Passing on the kibble: Some dog owners ditching dry food for raw, cooked options

By , on September 6, 2016


(Pixabay photo)
(Pixabay photo)

TORONTO – It seems like kismet that one of the inspirations behind Planet Pup, a Winnipeg dog bakery, was a pooch named Biscuit.

Deb Kurdydyk, who runs the business from her kitchen, said the idea came to her after she started cooking hot organic meals for her Shepherd-Rottweiler mix and wondered, why not start baking cookies and cakes too?

“When I started doing it, people thought I was crazy,” laughed the 50-year-old.

“I had to explain to people that this was a thing. People do bake and cook for their dogs. I’m just a dog lover and a foodie and it just seemed like a perfect marriage.”

Planet Pup specializes in bone-shaped dog biscuits and birthday cakes. The treats, which are sold online and at some select local retailers, come in a variety of flavours including Wild Pacific salmon and smoked gouda, and elk, apple and blue cheese.

The niche business and others like it are hoping to corner a market that may be poised to grow in the future.

According to market researcher Euromonitor, pet owners in Canada are still opting for prepared food due to convenience, but a rising number are turning to organic and raw pet food.

A Euromonitor report released in June says while prepared dog food accounted for an 87 per cent share of total dog food consumption last year, that is expected to decrease this year.

“Consistent and pervasive consumer focus on natural or organic ingredients in dog food is a natural outcome and extension from a general trend in health and wellness in Canadian society as a whole and that has helped shape the growing humanization trend in pet food,” said the report, titled “Dog Food in Canada.”
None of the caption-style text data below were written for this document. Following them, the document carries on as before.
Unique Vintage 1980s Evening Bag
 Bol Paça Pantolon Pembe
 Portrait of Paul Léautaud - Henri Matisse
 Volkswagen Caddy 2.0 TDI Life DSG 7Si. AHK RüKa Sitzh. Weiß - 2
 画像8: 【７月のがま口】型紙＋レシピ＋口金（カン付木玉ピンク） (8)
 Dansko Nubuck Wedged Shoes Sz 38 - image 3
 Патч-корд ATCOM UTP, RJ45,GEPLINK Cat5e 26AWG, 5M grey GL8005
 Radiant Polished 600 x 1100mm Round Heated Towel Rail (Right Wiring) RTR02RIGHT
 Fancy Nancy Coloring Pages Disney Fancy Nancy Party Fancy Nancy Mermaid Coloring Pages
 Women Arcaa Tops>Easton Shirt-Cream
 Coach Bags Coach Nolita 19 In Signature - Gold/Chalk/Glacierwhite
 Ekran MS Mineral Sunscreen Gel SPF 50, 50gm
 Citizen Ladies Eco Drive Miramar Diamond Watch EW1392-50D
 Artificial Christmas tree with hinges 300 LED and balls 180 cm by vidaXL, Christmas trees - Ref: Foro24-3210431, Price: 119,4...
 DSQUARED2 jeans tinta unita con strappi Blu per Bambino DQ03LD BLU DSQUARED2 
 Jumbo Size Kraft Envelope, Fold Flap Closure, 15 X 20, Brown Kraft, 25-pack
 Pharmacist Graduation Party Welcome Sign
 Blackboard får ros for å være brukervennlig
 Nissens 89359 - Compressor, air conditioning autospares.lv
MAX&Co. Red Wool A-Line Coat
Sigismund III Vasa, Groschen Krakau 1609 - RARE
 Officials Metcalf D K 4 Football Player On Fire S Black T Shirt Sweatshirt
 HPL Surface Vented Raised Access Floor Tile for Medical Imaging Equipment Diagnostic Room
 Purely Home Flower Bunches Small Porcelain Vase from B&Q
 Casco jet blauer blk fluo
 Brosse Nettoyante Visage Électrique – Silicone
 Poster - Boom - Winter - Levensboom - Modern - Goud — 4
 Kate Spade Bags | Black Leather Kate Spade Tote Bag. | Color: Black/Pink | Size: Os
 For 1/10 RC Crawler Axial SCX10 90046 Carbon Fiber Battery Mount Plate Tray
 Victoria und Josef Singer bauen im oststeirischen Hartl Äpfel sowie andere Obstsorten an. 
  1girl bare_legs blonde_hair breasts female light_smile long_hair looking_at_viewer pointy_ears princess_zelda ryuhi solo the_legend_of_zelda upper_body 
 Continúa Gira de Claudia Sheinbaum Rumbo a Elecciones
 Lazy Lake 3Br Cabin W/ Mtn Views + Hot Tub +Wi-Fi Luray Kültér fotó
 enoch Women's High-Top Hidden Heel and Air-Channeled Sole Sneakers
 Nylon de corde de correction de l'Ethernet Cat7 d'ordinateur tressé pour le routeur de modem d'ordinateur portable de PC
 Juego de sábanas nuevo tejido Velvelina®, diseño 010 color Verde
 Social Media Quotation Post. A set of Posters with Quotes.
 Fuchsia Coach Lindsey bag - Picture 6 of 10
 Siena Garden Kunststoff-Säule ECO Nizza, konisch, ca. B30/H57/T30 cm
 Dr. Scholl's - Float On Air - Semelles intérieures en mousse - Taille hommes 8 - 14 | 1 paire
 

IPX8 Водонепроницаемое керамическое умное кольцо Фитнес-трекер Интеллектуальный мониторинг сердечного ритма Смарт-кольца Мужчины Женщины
“As Canadians become more aware of the health impact of their diets and lifestyles so too are they paying greater attention to the diets and lifestyles of their pets.”

Last month, J.M. Smucker Co., a U.S. manufacturer of pet food, jams and other products, reported that sales in its pet food division declined six per cent due to a growing popularity of premium brands.

The company, known for its Kibbles ‘n Bits brand, said it still believes pet food is a growth area, with the pet population expected to rise as more millennials and baby boomers adopt pets.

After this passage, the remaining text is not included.